Jennifer: You are right. It is natural for the brain, we are wired for survival. The brain is designed to pay 5 – 8 times as much attention to what is wrong then things that are just fine and normal. So that is normal. If you pay attention to your tension and pain that is normal. However, it is not helpful! Because once you focus on pain and tension you are increasing that or you are prolonging the cycle. You are preventing your healing, you are slowing it down. Whereas you bring your attention to what is going well, it is really easy. It is amazing. Zlata, we have never even met before today, never worked together and you were able to do it like that. Now you are not in a lot of pain. People who are watching and are in a lot of pain may think ‘oh but I am in a lot of pain I will not be able to do that!’. I challenge any people watching here to do this little exercise that we did. Switching the attention and if you need help you know where to find me I am online all over the place. In my experience, and I have free stuff online as well on Facebook, but in my experience even people with a lot of pain, old pain, can make this shift and learn how to do it very quickly. Like within a day or 2 that quickly I am talking about. What is not easy is to remember to do it. So that is why you need me to support and the community and other people who are working on this too because we help each other to remind each other ‘oh yes I don’t want pain I need to redirect my attention! Oh yes, there is ease.’ Because the ease is always there. But if you are in a lot of pain, at first you may need to give it a little time to give it up.
Zlata: It is also important to know that it is possible to play the violin even it is impossible to play very well without ease, but I think a lot of mainly beginners or people who play for a couple of years, have the feeling that they have to work hard or something.

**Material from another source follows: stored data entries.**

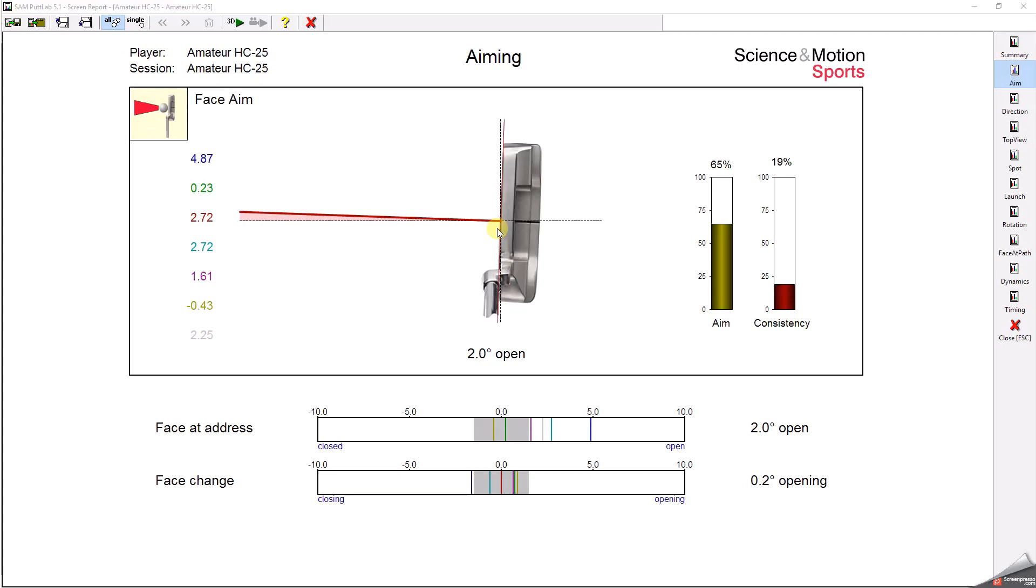For a neutral putting stroke, it is important to aim the putter consistently square to the target. For this 25 handicapper, the average aim is 2 degrees open to the right.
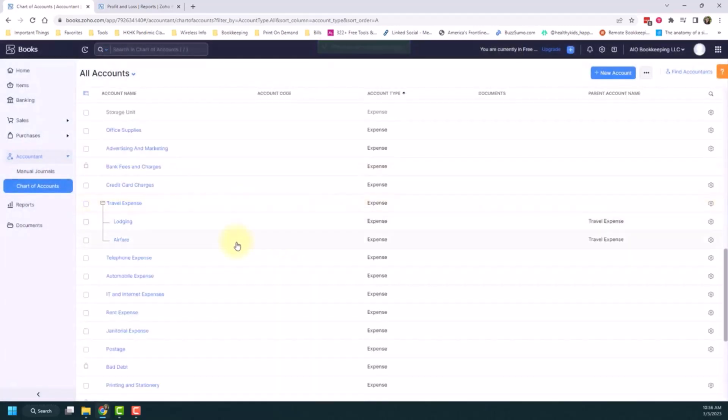And if you scroll down, you'll see that there's now two child accounts under that one parent account. And the other thing I really want to show you is how this shows up on your P&L. So to do that, I'm going to put some transactions into these accounts, and then I'll show you how it looks on your P&L.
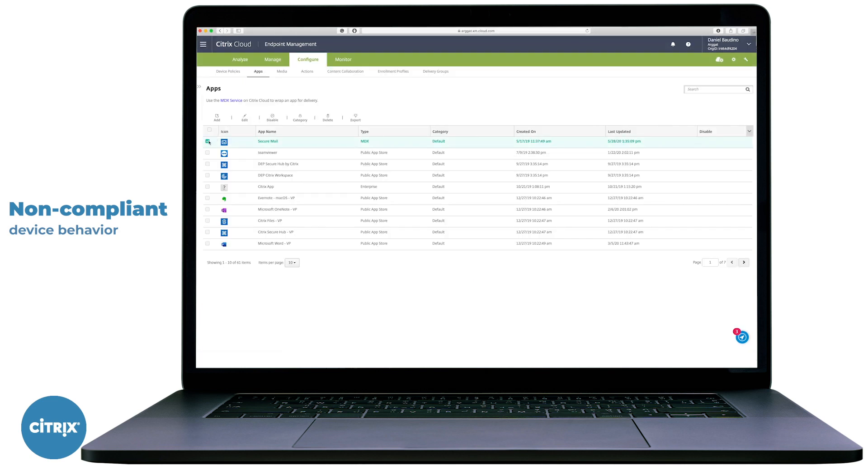Over to our non-compliant device demo. To begin, we'll select the MDX app we want to update the non-compliance policy by navigating back to Secure Mail's MDX policy settings. Navigate to Configure, followed by Apps, and select Secure Mail, followed by Edit.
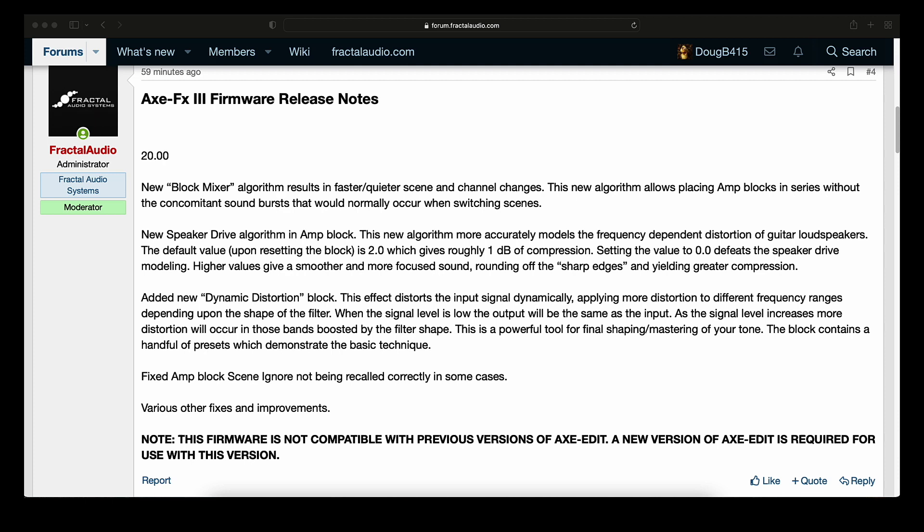Added new Dynamic Distortion Block. This effect distorts the input signal dynamically, applying more distortion to different frequency ranges depending on the shape of the filter. When the signal level is low, the output will be the same as the input. As the signal level increases, more distortion will occur in those bands boosted by the filter shape. This is a powerful tool for final shaping/mastering of your tone. The block contains a handful of presets which demonstrate the basic technique.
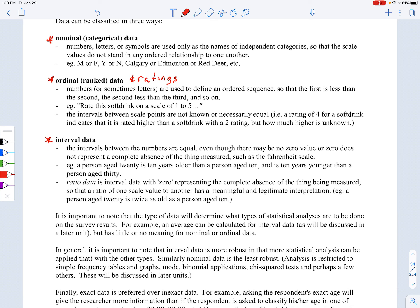Ordinal variables are ranked data or ratings. Ranked data would be choosing your top three from a list where one is most preferred. Ratings would be on a five-point scale, like rating the cleanliness of bathrooms. Statistically, you can calculate medians but not really means, because you don't know the distances between the numbers — all we know is one is higher than the other. With nominal, all you can really do is come up with percentages.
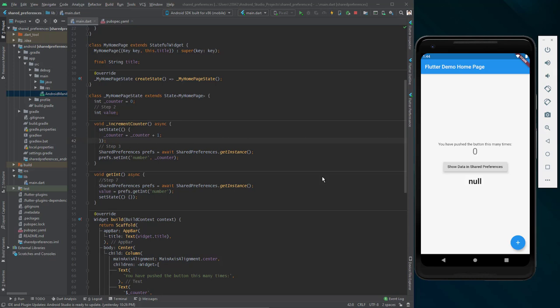Hello and welcome to this channel. In this video we are going to discuss shared preferences.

It is not construction building or so.
Jennifer: I understand and a lot of it stems from a fear of dropping the violin I have discovered and the fact that our violins go up here. One of Alexanders major discoveries was that the head-neck area is primary to all of our coordination. So all of your tension passes through the neck. It starts here so if you are clamping your violin in there, even just before you are making a note, you are compromising the ease in your system: you are compromising your coordination. So the very first step, I just thought a new beginner adult student, we spend almost the whole lesson on creating an ergonomic setup that would help her to have the violin in the neck area so that it is just there and she does not have to clamp. I am saying that 99% of violinist that I have ever met are doing the clamping thing. If people learn it soon it is so much easier than doing it later.